> TASK DETAILS
Starting at the line below holding "Oceanfront cabana with" and stopping at the line holding "Op de afbeelding: Een verzameling", print every line exactly, both ends included, and leave the rest out.
*** Opening LISTED ENTRIES ***
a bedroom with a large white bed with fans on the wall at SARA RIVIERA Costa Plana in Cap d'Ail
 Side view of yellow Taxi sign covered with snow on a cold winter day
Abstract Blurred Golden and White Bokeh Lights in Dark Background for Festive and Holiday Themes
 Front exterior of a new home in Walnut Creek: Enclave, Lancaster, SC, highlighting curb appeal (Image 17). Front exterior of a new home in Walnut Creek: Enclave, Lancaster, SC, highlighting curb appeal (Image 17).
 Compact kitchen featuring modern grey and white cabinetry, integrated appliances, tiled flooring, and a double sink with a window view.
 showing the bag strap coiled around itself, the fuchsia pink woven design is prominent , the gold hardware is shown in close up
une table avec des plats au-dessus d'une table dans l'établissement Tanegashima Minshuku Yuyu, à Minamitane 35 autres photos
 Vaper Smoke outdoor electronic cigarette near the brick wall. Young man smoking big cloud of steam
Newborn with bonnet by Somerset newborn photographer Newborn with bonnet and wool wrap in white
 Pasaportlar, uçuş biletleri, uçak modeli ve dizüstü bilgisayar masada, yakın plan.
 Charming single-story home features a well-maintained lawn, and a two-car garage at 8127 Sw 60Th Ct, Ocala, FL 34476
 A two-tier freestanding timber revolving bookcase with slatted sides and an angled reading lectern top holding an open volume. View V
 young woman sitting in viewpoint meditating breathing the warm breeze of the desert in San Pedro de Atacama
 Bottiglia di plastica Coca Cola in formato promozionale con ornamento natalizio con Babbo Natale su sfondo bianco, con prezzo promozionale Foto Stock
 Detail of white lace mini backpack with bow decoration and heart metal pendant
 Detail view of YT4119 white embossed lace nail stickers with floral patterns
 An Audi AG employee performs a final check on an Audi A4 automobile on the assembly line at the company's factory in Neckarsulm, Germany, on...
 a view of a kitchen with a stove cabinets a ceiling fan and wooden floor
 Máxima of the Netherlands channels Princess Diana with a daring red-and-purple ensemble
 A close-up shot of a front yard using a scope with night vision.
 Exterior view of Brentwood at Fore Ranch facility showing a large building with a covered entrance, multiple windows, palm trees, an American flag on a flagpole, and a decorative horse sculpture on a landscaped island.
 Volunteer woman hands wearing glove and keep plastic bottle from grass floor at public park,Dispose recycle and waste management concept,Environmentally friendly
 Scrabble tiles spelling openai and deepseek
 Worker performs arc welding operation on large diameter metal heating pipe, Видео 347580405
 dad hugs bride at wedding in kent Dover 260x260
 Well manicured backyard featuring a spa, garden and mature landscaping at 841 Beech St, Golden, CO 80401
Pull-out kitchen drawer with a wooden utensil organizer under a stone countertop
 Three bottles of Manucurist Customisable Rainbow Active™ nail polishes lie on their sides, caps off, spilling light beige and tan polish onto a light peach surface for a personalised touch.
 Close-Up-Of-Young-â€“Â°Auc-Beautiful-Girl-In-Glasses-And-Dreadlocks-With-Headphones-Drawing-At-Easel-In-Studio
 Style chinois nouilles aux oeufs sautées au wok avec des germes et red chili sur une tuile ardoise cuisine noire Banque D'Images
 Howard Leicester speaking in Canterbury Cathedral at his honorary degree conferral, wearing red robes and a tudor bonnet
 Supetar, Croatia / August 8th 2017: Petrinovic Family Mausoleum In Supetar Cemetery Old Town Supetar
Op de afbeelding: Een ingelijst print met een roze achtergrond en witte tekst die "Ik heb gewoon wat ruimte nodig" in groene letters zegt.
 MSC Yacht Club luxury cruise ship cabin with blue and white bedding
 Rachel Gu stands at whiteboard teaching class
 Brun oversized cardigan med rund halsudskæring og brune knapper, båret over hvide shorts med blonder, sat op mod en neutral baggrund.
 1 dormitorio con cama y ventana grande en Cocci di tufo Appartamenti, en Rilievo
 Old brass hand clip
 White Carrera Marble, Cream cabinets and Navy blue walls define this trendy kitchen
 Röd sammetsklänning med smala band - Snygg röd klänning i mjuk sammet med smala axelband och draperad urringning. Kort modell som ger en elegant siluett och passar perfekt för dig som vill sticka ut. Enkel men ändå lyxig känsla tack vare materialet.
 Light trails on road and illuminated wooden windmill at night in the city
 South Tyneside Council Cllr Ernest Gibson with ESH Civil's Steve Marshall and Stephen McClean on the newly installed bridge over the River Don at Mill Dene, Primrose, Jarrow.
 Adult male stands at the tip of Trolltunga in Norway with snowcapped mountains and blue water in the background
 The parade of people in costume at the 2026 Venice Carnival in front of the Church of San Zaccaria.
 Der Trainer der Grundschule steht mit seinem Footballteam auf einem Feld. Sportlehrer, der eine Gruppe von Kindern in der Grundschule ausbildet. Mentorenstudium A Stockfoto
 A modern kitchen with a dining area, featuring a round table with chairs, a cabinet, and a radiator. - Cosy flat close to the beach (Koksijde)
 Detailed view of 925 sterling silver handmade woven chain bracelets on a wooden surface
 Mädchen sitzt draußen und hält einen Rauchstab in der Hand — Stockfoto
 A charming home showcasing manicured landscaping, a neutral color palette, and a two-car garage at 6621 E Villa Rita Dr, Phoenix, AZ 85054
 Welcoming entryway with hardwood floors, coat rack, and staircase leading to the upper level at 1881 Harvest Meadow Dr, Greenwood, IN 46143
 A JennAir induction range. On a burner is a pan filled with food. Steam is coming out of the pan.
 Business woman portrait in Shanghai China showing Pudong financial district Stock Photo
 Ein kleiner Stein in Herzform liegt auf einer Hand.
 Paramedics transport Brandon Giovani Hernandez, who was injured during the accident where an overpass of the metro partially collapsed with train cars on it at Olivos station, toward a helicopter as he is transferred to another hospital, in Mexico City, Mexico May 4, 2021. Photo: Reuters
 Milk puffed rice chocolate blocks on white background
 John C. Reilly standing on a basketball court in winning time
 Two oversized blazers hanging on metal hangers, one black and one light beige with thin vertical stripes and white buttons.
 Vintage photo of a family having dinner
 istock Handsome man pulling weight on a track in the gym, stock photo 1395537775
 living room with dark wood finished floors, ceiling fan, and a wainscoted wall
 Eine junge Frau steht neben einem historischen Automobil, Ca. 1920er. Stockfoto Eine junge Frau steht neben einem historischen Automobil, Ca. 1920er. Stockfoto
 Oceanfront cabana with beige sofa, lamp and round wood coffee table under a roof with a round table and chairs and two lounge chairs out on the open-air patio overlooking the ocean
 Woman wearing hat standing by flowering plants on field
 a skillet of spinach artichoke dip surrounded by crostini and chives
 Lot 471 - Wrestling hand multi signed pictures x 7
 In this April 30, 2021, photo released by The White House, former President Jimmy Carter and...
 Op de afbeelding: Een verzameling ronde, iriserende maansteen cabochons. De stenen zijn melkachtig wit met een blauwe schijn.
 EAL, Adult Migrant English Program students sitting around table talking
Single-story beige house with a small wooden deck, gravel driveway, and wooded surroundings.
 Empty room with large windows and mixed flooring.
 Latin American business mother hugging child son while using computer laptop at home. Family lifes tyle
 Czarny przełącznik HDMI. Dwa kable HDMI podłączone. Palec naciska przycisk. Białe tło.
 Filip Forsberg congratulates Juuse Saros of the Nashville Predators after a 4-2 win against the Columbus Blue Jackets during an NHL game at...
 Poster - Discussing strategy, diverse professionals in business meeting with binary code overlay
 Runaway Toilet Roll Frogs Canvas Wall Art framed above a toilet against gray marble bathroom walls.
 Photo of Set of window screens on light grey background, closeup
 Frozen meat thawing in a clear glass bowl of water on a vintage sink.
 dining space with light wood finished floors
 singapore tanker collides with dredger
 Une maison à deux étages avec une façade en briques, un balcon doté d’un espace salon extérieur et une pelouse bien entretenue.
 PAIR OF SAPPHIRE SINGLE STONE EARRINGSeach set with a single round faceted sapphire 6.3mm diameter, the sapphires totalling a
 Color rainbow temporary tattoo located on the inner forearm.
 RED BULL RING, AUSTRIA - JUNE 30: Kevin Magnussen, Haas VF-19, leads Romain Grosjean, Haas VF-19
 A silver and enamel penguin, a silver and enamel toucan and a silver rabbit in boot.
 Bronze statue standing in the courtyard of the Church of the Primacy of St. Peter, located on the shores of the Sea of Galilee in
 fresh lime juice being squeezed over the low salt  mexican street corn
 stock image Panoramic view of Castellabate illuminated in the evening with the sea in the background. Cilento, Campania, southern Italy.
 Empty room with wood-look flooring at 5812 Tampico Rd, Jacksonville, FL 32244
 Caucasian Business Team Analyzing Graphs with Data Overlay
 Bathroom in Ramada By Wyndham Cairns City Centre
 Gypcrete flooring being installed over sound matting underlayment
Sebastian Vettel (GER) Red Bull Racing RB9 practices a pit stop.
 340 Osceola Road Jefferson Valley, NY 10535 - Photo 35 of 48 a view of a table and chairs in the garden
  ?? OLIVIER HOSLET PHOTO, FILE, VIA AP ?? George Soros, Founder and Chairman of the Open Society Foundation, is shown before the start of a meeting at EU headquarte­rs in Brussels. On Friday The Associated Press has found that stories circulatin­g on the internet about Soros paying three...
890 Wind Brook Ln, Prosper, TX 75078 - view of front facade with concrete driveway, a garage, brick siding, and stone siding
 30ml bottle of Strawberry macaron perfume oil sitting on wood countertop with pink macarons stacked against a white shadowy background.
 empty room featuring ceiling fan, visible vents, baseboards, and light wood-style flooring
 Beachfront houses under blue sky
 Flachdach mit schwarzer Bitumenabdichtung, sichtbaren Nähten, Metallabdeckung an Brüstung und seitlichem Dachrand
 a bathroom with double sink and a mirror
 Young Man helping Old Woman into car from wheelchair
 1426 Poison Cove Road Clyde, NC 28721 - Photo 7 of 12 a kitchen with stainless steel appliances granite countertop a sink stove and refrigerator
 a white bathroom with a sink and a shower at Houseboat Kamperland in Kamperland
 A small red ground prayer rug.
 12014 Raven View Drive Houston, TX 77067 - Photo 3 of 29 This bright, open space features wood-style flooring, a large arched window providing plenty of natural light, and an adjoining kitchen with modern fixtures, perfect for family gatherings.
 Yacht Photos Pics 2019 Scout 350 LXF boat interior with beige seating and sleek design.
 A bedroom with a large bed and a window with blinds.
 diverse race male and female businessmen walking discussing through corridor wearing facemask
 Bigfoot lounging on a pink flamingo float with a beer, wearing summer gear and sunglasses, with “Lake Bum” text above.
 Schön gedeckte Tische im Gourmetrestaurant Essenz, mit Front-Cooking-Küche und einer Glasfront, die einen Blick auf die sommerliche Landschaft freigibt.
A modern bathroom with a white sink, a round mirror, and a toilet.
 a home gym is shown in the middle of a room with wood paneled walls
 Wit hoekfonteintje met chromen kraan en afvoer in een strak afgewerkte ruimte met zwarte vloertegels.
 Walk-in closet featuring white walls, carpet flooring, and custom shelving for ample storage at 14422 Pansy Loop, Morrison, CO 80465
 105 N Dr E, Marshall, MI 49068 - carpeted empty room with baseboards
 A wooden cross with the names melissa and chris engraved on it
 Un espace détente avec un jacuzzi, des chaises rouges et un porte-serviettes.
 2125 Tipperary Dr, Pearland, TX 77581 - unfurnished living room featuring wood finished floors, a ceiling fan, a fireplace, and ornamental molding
*** Closing LISTED ENTRIES ***
> SOLVED EXERCISE
 Oceanfront cabana with beige sofa, lamp and round wood coffee table under a roof with a round table and chairs and two lounge chairs out on the open-air patio overlooking the ocean
 Woman wearing hat standing by flowering plants on field
 a skillet of spinach artichoke dip surrounded by crostini and chives
 Lot 471 - Wrestling hand multi signed pictures x 7
 In this April 30, 2021, photo released by The White House, former President Jimmy Carter and...
 Op de afbeelding: Een verzameling ronde, iriserende maansteen cabochons. De stenen zijn melkachtig wit met een blauwe schijn.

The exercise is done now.